To do - Please copy exactly the lines that run from the start of the entries to the line containing "Nha Khoa Toàn Mỹ", inclusive.

[Crawled caption data]
**********

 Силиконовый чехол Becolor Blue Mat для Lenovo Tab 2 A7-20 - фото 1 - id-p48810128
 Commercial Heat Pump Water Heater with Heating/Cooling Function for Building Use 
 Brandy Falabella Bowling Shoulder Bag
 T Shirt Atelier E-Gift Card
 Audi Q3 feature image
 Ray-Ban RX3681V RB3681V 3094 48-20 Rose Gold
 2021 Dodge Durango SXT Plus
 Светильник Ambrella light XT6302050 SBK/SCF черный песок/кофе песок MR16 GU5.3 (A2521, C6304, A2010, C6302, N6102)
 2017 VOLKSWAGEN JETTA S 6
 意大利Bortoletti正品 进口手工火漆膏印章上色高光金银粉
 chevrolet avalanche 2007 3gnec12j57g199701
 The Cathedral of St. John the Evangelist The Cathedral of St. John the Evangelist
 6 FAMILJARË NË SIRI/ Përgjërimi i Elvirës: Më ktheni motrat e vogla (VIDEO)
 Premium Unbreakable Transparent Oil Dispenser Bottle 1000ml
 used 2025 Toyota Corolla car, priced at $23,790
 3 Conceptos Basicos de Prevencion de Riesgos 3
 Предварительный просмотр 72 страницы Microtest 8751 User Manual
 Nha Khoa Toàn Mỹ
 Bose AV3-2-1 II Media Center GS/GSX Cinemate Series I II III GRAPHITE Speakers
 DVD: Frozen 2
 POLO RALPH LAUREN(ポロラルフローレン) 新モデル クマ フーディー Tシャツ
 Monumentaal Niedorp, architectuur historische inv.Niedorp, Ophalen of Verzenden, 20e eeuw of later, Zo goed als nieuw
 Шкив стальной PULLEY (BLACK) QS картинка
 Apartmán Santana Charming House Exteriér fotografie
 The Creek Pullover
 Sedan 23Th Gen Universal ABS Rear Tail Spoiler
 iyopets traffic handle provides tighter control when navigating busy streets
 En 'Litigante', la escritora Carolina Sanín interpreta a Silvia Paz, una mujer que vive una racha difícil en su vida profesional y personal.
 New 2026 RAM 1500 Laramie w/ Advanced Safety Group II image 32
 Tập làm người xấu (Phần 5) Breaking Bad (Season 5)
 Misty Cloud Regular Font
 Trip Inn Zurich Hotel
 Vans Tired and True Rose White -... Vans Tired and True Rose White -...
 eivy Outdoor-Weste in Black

**********

Solution -
 Силиконовый чехол Becolor Blue Mat для Lenovo Tab 2 A7-20 - фото 1 - id-p48810128
 Commercial Heat Pump Water Heater with Heating/Cooling Function for Building Use 
 Brandy Falabella Bowling Shoulder Bag
 T Shirt Atelier E-Gift Card
 Audi Q3 feature image
 Ray-Ban RX3681V RB3681V 3094 48-20 Rose Gold
 2021 Dodge Durango SXT Plus
 Светильник Ambrella light XT6302050 SBK/SCF черный песок/кофе песок MR16 GU5.3 (A2521, C6304, A2010, C6302, N6102)
 2017 VOLKSWAGEN JETTA S 6
 意大利Bortoletti正品 进口手工火漆膏印章上色高光金银粉
 chevrolet avalanche 2007 3gnec12j57g199701
 The Cathedral of St. John the Evangelist The Cathedral of St. John the Evangelist
 6 FAMILJARË NË SIRI/ Përgjërimi i Elvirës: Më ktheni motrat e vogla (VIDEO)
 Premium Unbreakable Transparent Oil Dispenser Bottle 1000ml
 used 2025 Toyota Corolla car, priced at $23,790
 3 Conceptos Basicos de Prevencion de Riesgos 3
 Предварительный просмотр 72 страницы Microtest 8751 User Manual
 Nha Khoa Toàn Mỹ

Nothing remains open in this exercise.